RBI's decision to raise limits under the Voluntary Retention Route (VRR) will provide additional sources of capital for the domestic debt market, according to market players

rbi governor, shaktikanta das
RBI Governor Shaktikanta Das
Ashley Coutinho Mumbai
2 min read Last Updated : Feb 11 2022 | 1:18 AM IST
The Reserve Bank of India’s (RBI’s) decision to raise limits under the Voluntary Retention Route (VRR) will provide additional sources of capital for the domestic debt market, according to market players.

The limit enhancement from the existing Rs 1.5 trillion to Rs 2.5 trillion comes at a time when interest rates in markets such as the US are set to go up, raising the spectre of flight of foreign capital from India. The money coming in through the VRR route may be more stable as it comes with a lock-in of three years.

“The proposed increase in VRR limits can help in partly bridging the net borrowing plan for the next fiscal, which is over Rs 11 trillion, with FPI capital. We certainly need FPIs to take up government bonds in addition to the traditional domestic players,” said Sriram Krishnan, managing director and co-head, Global Transaction Banking, Deutsche Bank India.

According to analysts, VRR and VRRR (variable rate reverse repo) will become the primary liquidity management tools in an attempt to enhance the flexibility of monetary action by the RBI.

“RBI’s decision to increase the VRR limit is a welcome step and a long-pending one. This will allow foreign investors to do bespoke deals on the debt side with Indian issuers, without having to worry about concentration limits, exposure limits and residual maturity,” said Anand Singh, co-founder, Wilson Financial Services.

VRR represents appetite for “long-term” rupee credit by FPIs and was introduced by the RBI on March 1, 2019. The original allotment amount was Rs 75,000 crore, which was subsequently increased to Rs 1.5 trillion last year under the “VRR Combined” category and was made available on tap. At the time of the increase in original limit from Rs 75,000 crore, there was some unutilised portion. This along with the fresh limit worked out to Rs 90,630 crore. Accordingly, the total fresh allotment made last year was for Rs 90,630 crore, which stands almost fully utilised.

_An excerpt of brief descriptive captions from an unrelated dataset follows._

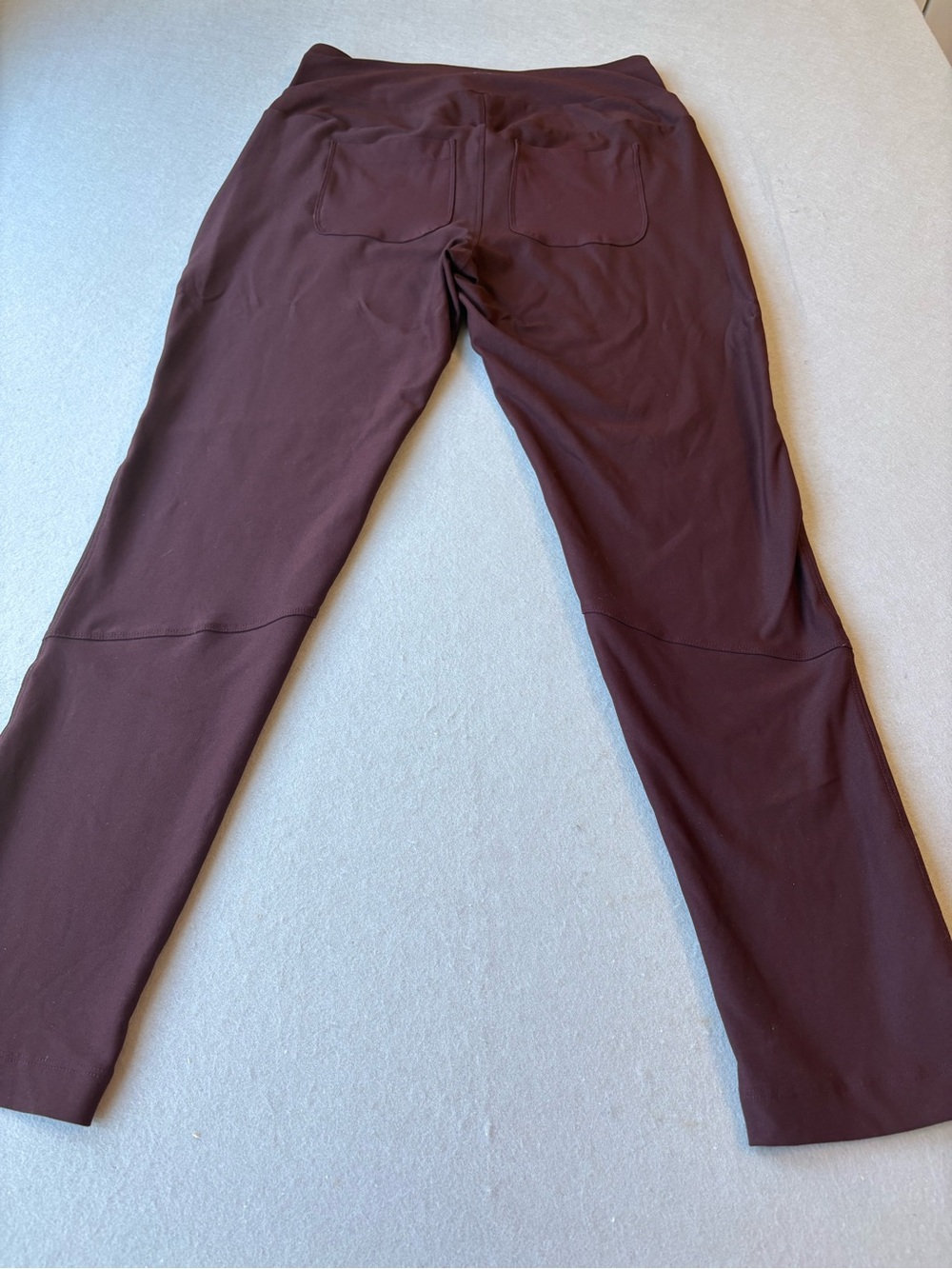Avalanche Slim Fit Hybrid Stretch Woven Knit Pant Maroon Sz M Active Athleisure - Picture 3 of 8
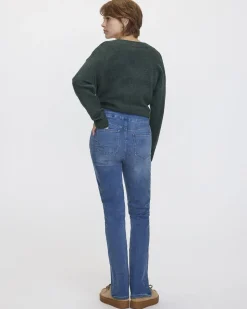 Straight-Leg Mid-Rise Jean - The Comfort - Petite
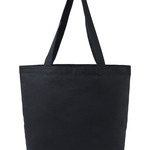 Aware™ Recycled Cotton Shopper Tote Bag With Interior Zip Pocket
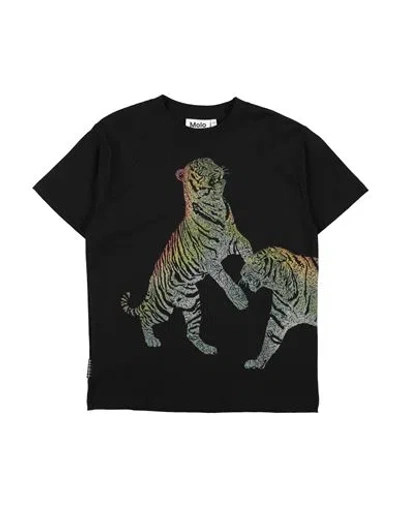 Molo Babies'  Toddler Boy T-shirt Black Size 7 Organic Cotton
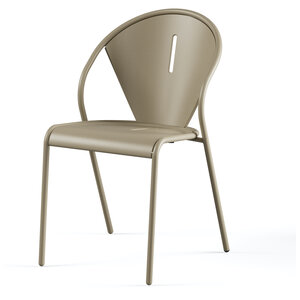 Emu Code chaise de jardin taupe Emu Code chaise de jardin taupe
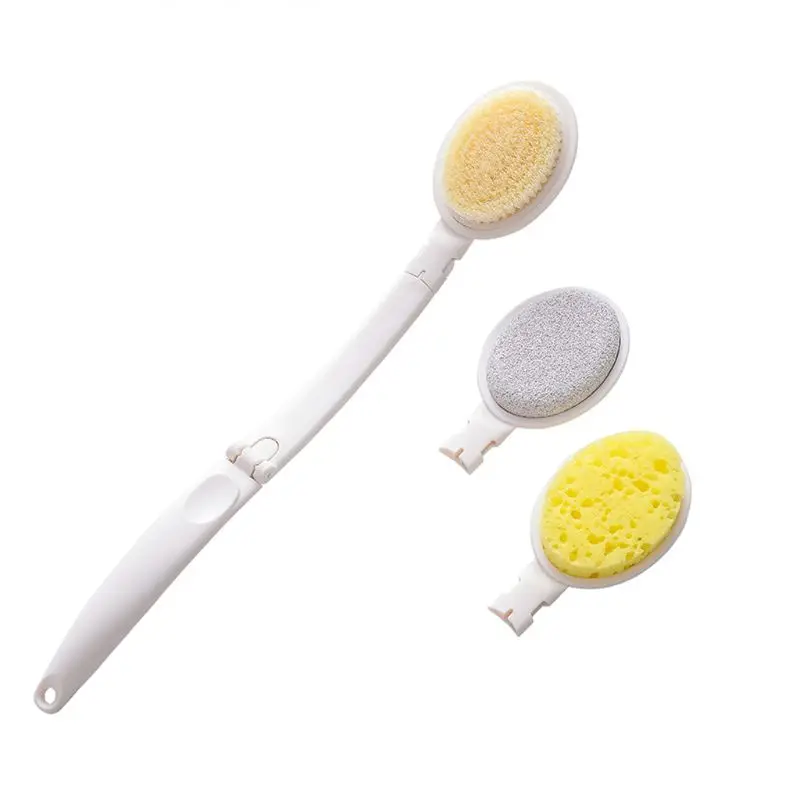 

Folding Bath Brush Soft Nylon Hair Back Body Shower Scrubber Brushes Exfoliating Scrub Skin Massager for Home Bathroom Use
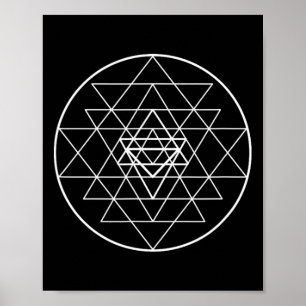 Poster Géométrie sacrée Sri Yantra Yoga Méditation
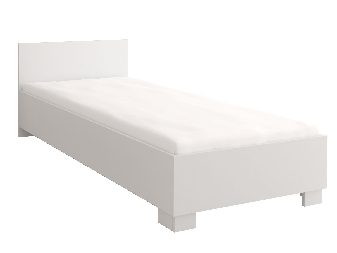 Jednolůžková postel 90 cm Oleg I (bílá)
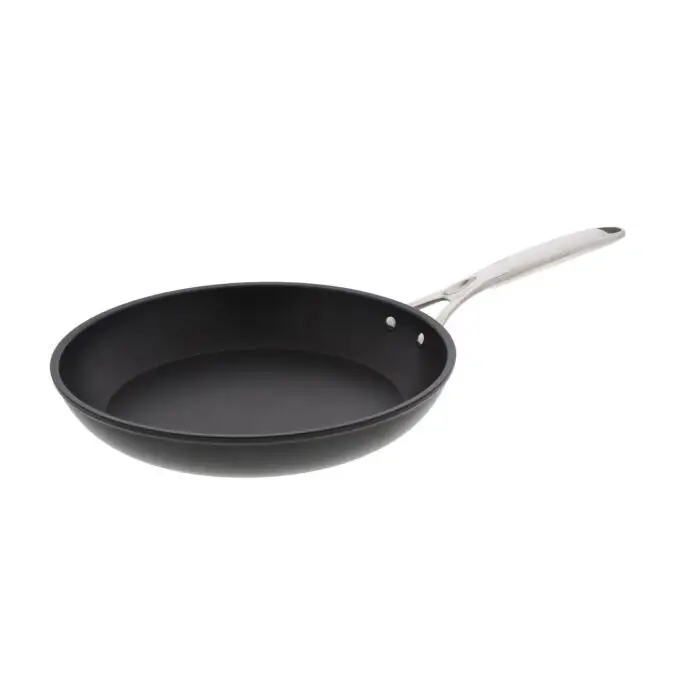 Cristel Castel'pro Exceliss+ Ultralu koekenpan met anti-aanbaklaag ø 30 cm aluminium zwart Hoge Kwaliteit
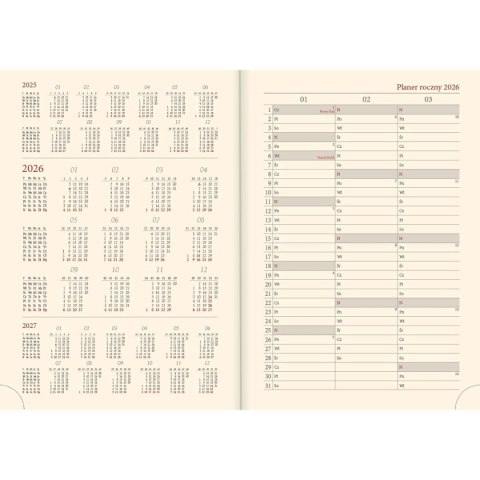 Kalendarz książkowy (terminarz) WYCINANKA B6 Lucrum (41DS) Kalendarz książkowy (terminarz) WYCINANKA B6 Lucrum (41DS)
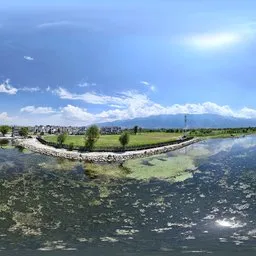 Highsky lake cloud mountain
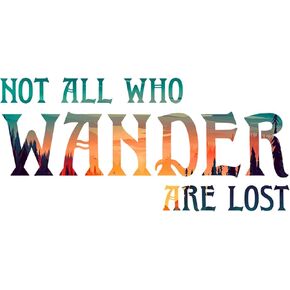 Not All Who Wander are Lost Cut Out Decorative Car Truck Window Sticker Decal Vinyl Die-Cut Badge Emblem Vacation Souvenir Travel Gear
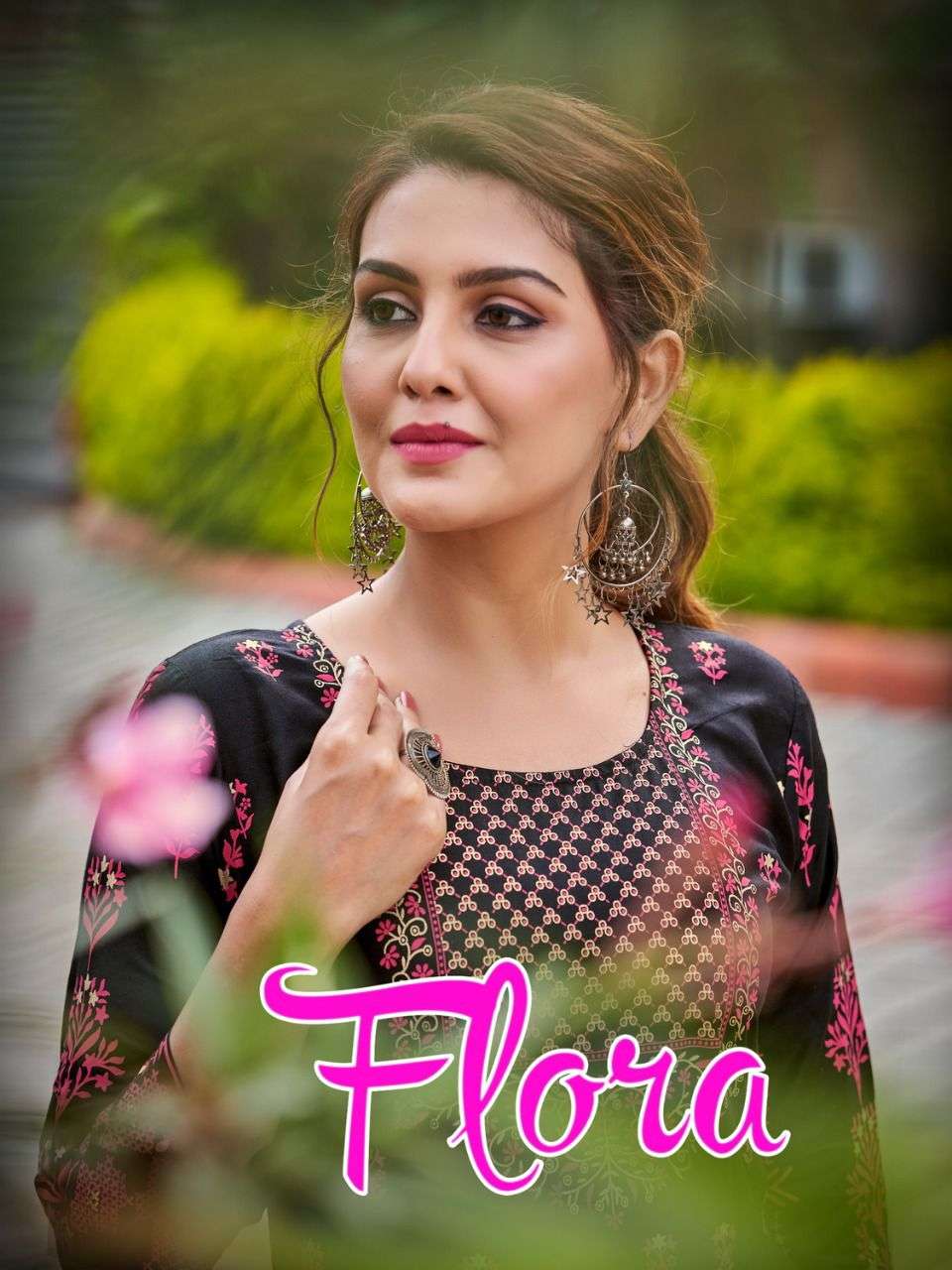 Flora By Banwery Fashion 1001 To 1008 Series Beautiful Stylish Fancy Colorful Casual Wear & Ethnic Wear Rayon Foil Gowns At Wholesale Price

Experts believe there is a pent up demand of Rs 30,000-40,000 crore for this route, which has become popular for investment in corporate bonds and structured private equity deals.

The VRR route has gained popularity as it allows FPIs to participate in a deal without having to find another foreign investor. The route can be used for investment in corporate bonds as well as government securities.